Is your scenario different or perhaps it magically fixed itself 🤞

Tested with

tokio = { version = "1.2.0", features = ["full"] }
tower = { version = "0.4.6", features = ["full"] }

davidpdrsn avatar Mar 01 '21 19:03 davidpdrsn

@davidpdrsn what's the error output?

I think it must still be an issue because the tokio::spawn here still discards the JoinHandle, but I'm not positive. If I had to guess why it looks like its working I'm guessing that the panic in the services is still printed to stdout by the panic handler before the unwind starts and then the panic is caught, and then the poll_ready on the Buffer handle fails because the background service has fallen over, but it doesn't pass back a captured version of the panic.

yaahc avatar Mar 01 '21 20:03 yaahc

If I had to guess why it looks like its working I'm guessing that the panic in the services is still printed to stdout by the panic handler before the unwind starts and then the panic is caught

Ah yeah that is indeed the case.
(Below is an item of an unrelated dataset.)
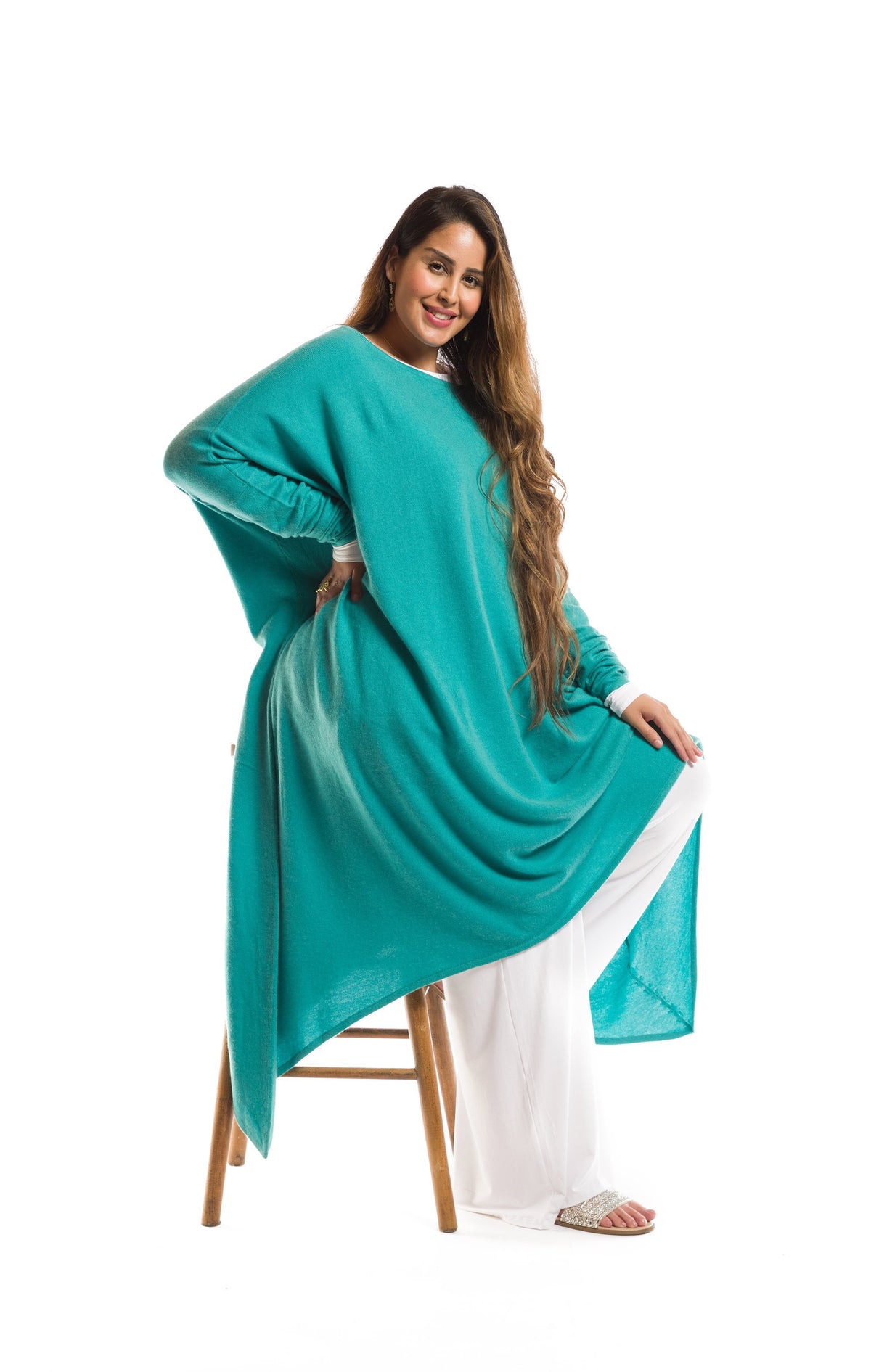 CASHMERE SLOUCHY JUMPER AQUA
I didn't read the output carefully enough. It is:

thread 'tokio-runtime-worker' panicked at 'poll_ready paniced!', src/main.rs:26:9
note: run with `RUST_BACKTRACE=1` environment variable to display a backtrace
thread 'main' panicked at 'called `Result::unwrap()` on an `Err` value: Closed', src/main.rs:13:64

So "thread 'main' panicked at 'called Result::unwrap() on an Err value: Closed', src/main.rs:13:64" is the actual reason it fails, not the panic from poll_ready.

I'll dig into this!

davidpdrsn avatar Mar 01 '21 20:03 davidpdrsn